Captioned web image data
□ □ □ □ □

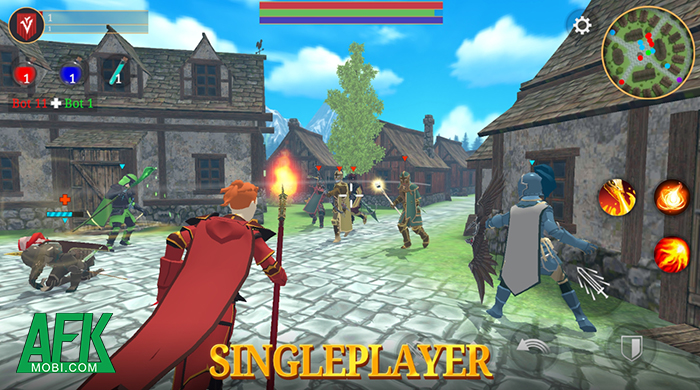 Hòa mình vào những đấu trường cổ đại với game loạn chiến Combat Magic: Spells & Swords 1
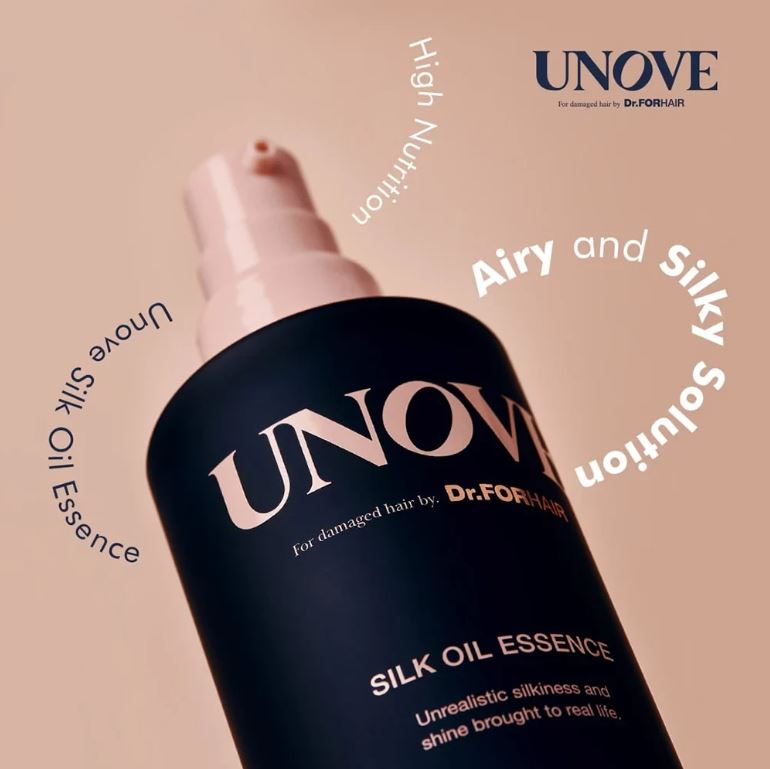 Dầu Dưỡng Tóc Unove Silk Oil Essence 70ml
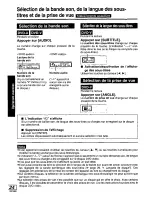 Предварительный просмотр 74 страницы Panasonic DVDLA85D - PORTABLE DVD Operating Instructions Manual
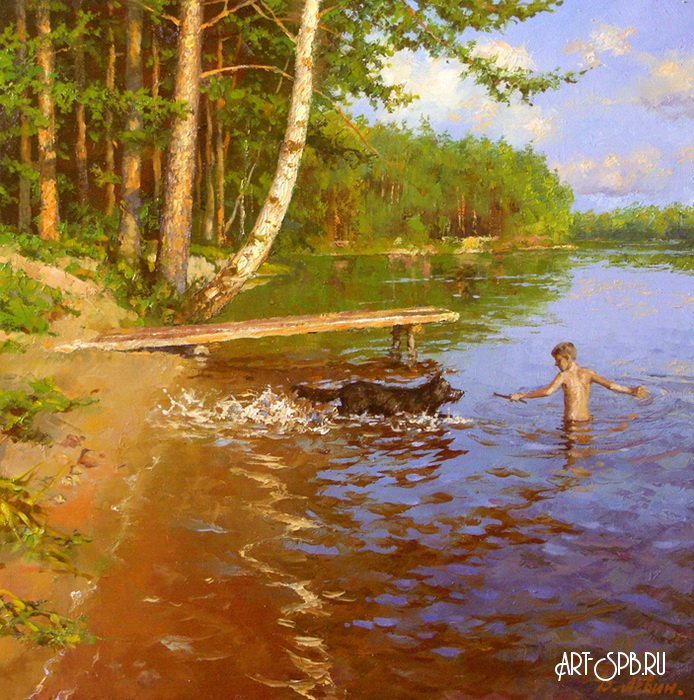 Игры на реке
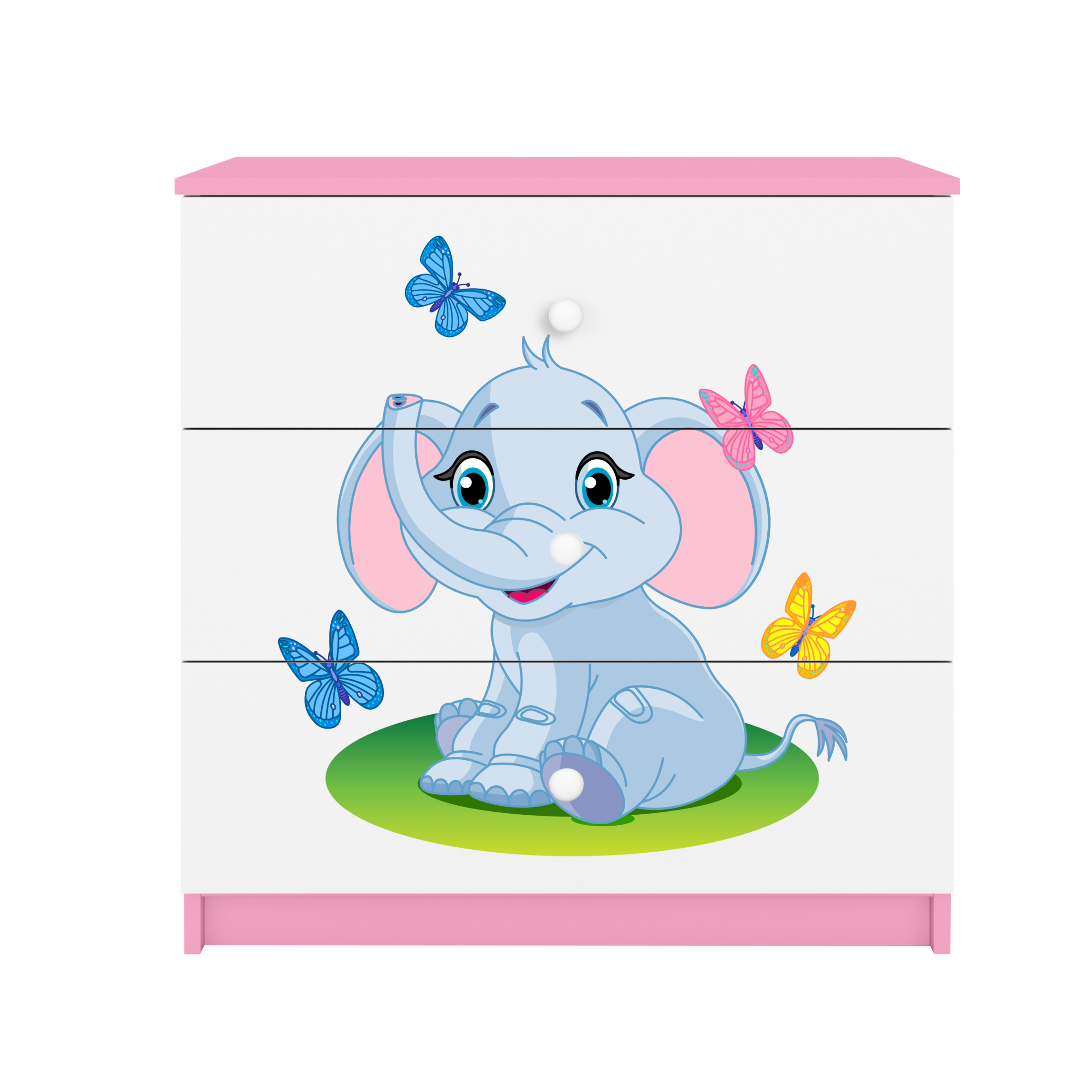 Kinderkommode Rosa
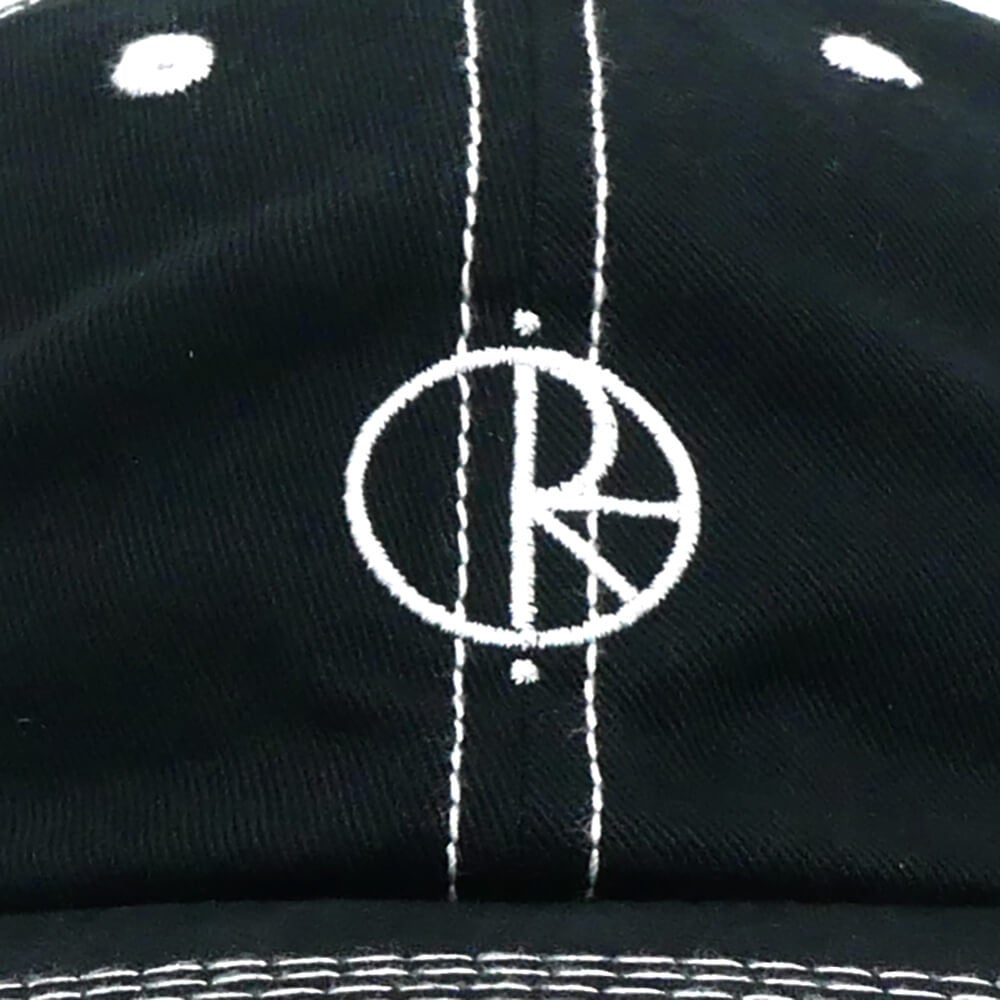 POLAR CAP ポーラー  キャップ SAI CONTRAST BLACK  スケートボード スケボー 5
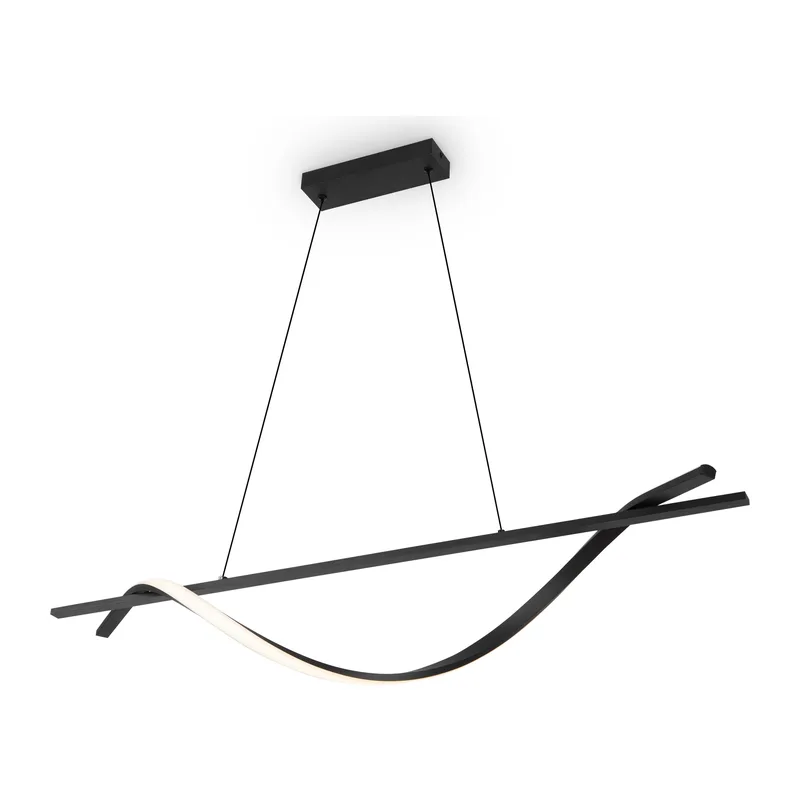 Подвесной светильник FR6060PL-L48B Агил / Agile 19 Вт LED Freya 6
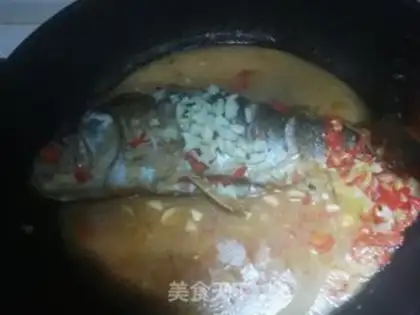 Make Red-burned mackerel step 7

□ □ □ □ □

▶ [WHAT THE TASK ASKS]:
Word for word, restate the lines from the line containing "Dầu Dưỡng Tóc Unove Silk Oil Essence 70ml" through the end of the data, including the first and last of them. Pictures stay out.

▶ [TASK ANSWER]:
 Dầu Dưỡng Tóc Unove Silk Oil Essence 70ml
 Предварительный просмотр 74 страницы Panasonic DVDLA85D - PORTABLE DVD Operating Instructions Manual
 Игры на реке
 Kinderkommode Rosa
 POLAR CAP ポーラー  キャップ SAI CONTRAST BLACK  スケートボード スケボー 5
 Подвесной светильник FR6060PL-L48B Агил / Agile 19 Вт LED Freya 6
 Make Red-burned mackerel step 7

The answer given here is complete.